Concurrent chemoradiotherapy (CRT) is the standard of care for patients with bulky cervical cancer. This study aimed to determine the feasibility, tolerance, and effectiveness of pulsed dose rate (PDR) image-guided brachytherapy (IGBT), utilizing magnetic resonance imaging (MRI) planning after CRT for stages IB2 and II cervix cancer patients.
This study planned to include patients with histologically confirmed stage IB2 and II cervical cancer who were treated with CRT followed by a PDR IGBT boost from January 2009 to December 2009 in our institution. All patients had at least a partial response after CRT before IGBT. The institutional review board approved the study. Patients received a 45-Gy external beam radiotherapy (EBRT) to the pelvis with concomitant weekly cisplatin (40 mg/m) for 5 cycles. All patients then underwent reimaging using MRI before BT. The IGBT boost was accomplished with one insertion using an MRI-compatible tandem and ovoid applicator delivering 30 to 35 Gy to a high-risk clinical target volume. Treatment-induced adverse events (AEs), dose parameters, local control, progression-free survival, and overall survival are reported.
Forty patients were included in this study, with ages ranging from 31 to 65 years (median age, 45 y). Of all the patients, 12.5% and 5% experienced grade 3 to 4 acute gastrointestinal and genitourinary AEs, respectively, and 2.5% and 2.5% had grade 3 to 4 chronic gastrointestinal and genitourinary AEs, respectively. Within a median follow-up of 30 months (range, 7 to 40 mo), local control was 90%, progression-free survival was 87.5%, and overall survival was 100%.
Intracavitary MRI PDR-IGBT boost after CRT is a feasible, tolerable, and effective treatment modality for patients with stages IB2 and II cervical cancer.
同步放化疗(CRT)是局部晚期宫颈癌患者的标准治疗方案。本研究旨在确定脉冲剂量率(PDR)图像引导近距离放疗(IGBT)的可行性、耐受性和有效性,该放疗是在CRT后利用磁共振成像(MRI)为IB2期和II期宫颈癌患者制定计划。
本研究计划纳入2009年1月至2009年12月在我院接受CRT治疗后再接受PDR IGBT强化治疗的组织学确诊为IB2期和II期宫颈癌患者。所有患者在接受IGBT治疗前,CRT后至少有部分缓解。机构审查委员会批准了该研究。患者接受45 Gy的盆腔外照射放疗(EBRT),同时每周给予顺铂(40 mg/m²),共5个周期。
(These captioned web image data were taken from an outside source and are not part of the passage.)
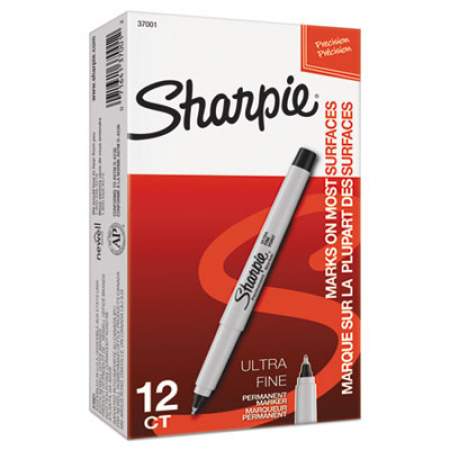 Sharpie Ultra Fine Tip Permanent Marker, Extra-Fine Needle Tip, Black, Dozen (37001)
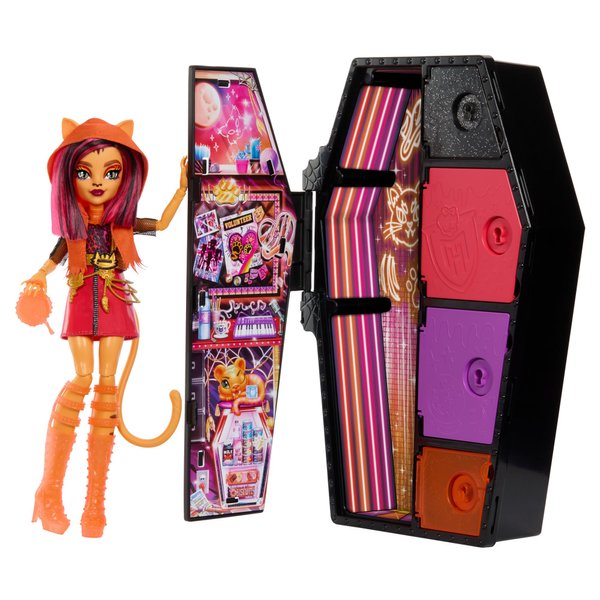 Monster High Skulltimate Secrets Neon Frights Doll & Accessories, Toralei Stripe with Dress-Up Locker & 19+ Surprises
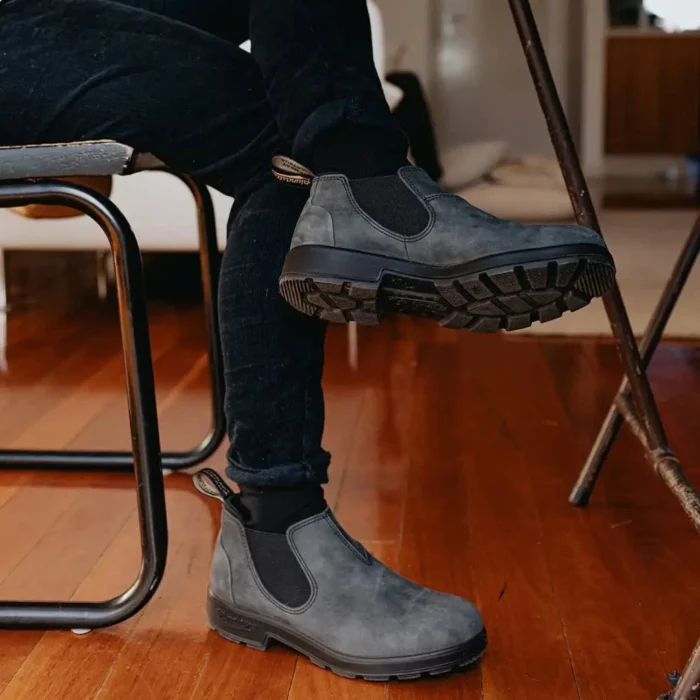 Blundstone 2035 Rustic Black Low-Cut Leather Boots Retro Vintage Slip On - Image 7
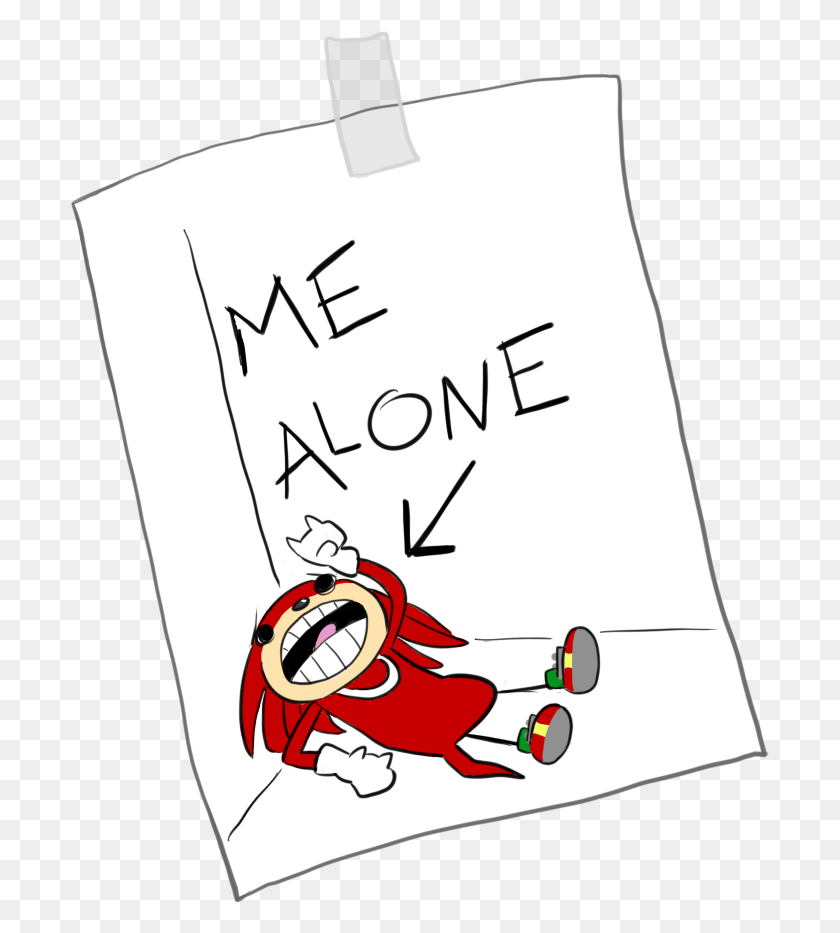 699x873 Forever Alone Knuckles By Tigsie Cartoon, Text, Cushion, Pillow HD PNG Download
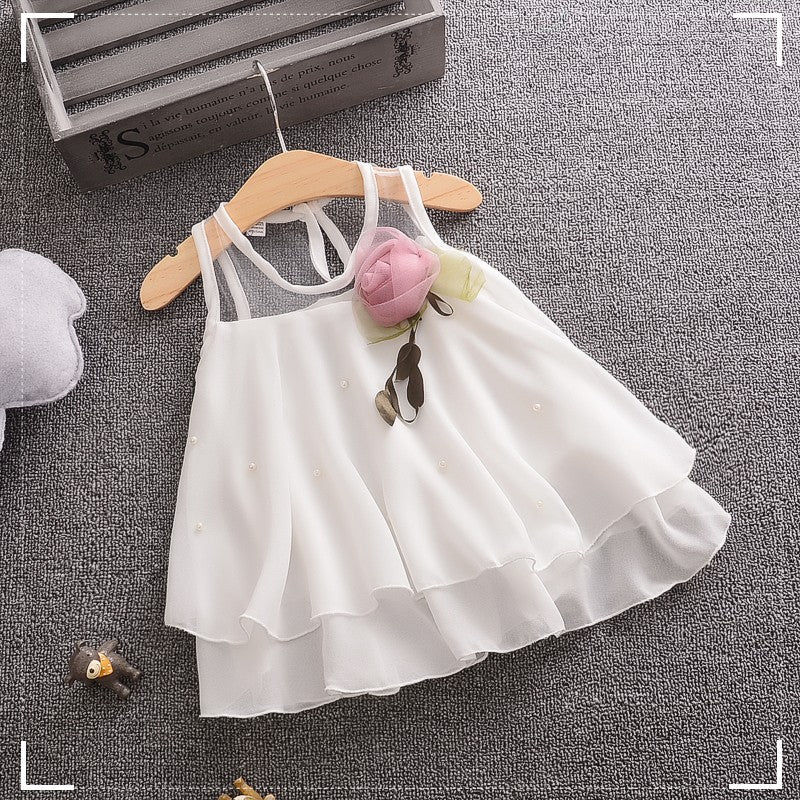 [340247] - Dress Mutiara Lengan Kutung Anak Perempuan - Motif Flower Plain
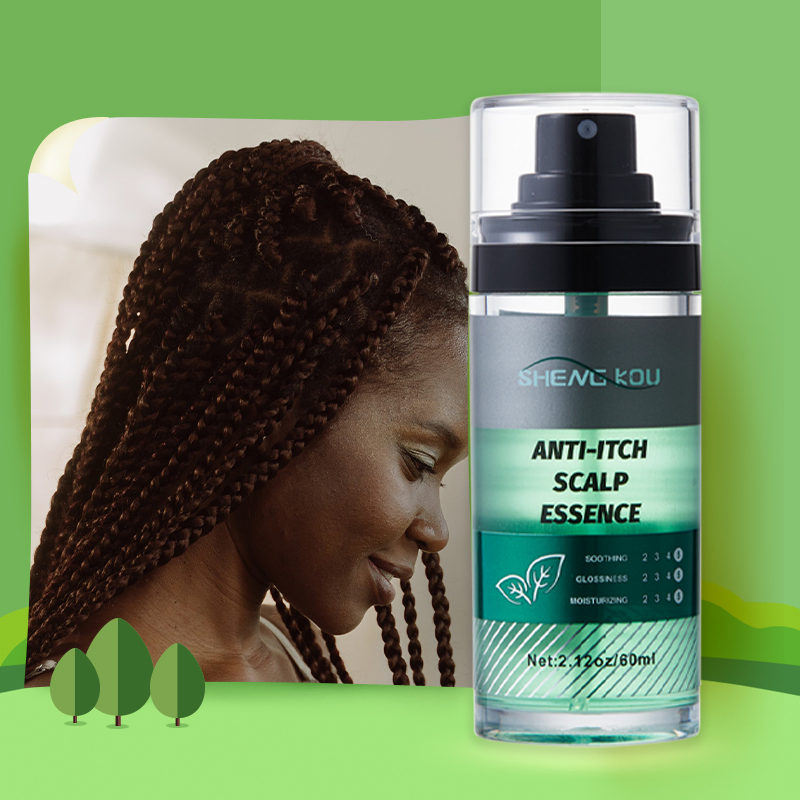 Factory Private Label Black Hair Care Products Wholesale Menthol Scalp Soothing Shining Luster Hair Essence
所有患者在近距离放疗前均使用MRI进行重新成像。IGBT强化治疗通过一次插入使用与MRI兼容的串联和卵圆形施源器完成,向高危临床靶体积给予30至35 Gy的剂量。报告了治疗引起的不良事件(AE)、剂量参数、局部控制、无进展生存期和总生存期。
本研究纳入了40例患者,年龄在31至65岁之间(中位年龄45岁)。在所有患者中,分别有12.5%和5%经历了3至4级急性胃肠道和泌尿生殖系统AE,分别有2.5%和2.5%出现了3至4级慢性胃肠道和泌尿生殖系统AE。在中位随访30个月(范围7至40个月)内,局部控制率为90%,无进展生存率为87.5%,总生存率为100%。
CRT后腔内MRI PDR-IGBT强化治疗对于IB2期和II期宫颈癌患者是一种可行、可耐受且有效的治疗方式。